## Definition
**D-separation** ("directional separation") is a graphical criterion for reading **conditional independence** off a [[Bayesian Network]]. Two sets of variables $X$ and $Y$ are d-separated given a set $Z$ iff no "active" trail connects them — and d-separation implies conditional independence in the encoded distribution.
## Trail Types
A *trail* is any undirected path between two variables. Each consecutive triple along the trail is one of three patterns. Whether the trail is *active* given $Z$ depends on the pattern.
### Chain: $X \to W \to Y$
- Active if $W \notin Z$.
- Blocked if $W \in Z$.
Information flows from $X$ to $Y$ via $W$ — unless $W$ is observed, which blocks it.
### Fork (Common Cause): $X \leftarrow W \to Y$
- Active if $W \notin Z$.
- Blocked if $W \in Z$.
Like the chain. Observing the common cause shields $X$ and $Y$ from each other.
### Collider (Common Effect): $X \to W \leftarrow Y$
- **Blocked** if $W \notin Z$ AND no descendant of $W$ is in $Z$.
- **Active** if $W \in Z$ OR any descendant of $W$ is in $Z$.
Counterintuitive: observing the common effect *creates* dependence between otherwise independent causes ("explaining away").
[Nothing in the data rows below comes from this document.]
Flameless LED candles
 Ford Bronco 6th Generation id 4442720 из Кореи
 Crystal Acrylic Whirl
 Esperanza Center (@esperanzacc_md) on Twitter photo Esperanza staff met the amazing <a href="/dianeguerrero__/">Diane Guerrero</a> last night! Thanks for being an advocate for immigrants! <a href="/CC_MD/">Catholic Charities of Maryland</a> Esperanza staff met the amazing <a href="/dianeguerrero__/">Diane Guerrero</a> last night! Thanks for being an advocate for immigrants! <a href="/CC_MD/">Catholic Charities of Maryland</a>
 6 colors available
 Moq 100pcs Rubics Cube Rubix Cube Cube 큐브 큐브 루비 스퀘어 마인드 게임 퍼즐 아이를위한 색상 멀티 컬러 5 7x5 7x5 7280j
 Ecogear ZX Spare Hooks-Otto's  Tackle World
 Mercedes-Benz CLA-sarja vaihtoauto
## D-Separation Definition
$X$ and $Y$ are d-separated by $Z$ iff **every** trail between any node in $X$ and any node in $Y$ is blocked by some triple given $Z$.
## Theorem
If $X$ and $Y$ are d-separated by $Z$ in graph $G$, then $X \perp Y \mid Z$ in every distribution that factorises according to $G$.
The converse direction (faithfulness) holds for *almost all* distributions but not necessarily every one — useful in practice, with caveats in pathological cases.
## Why It Matters
D-separation is the workhorse for:
- **Reading independencies off the graph** without computation.
- **Choosing the right variables to condition on** for causal inference.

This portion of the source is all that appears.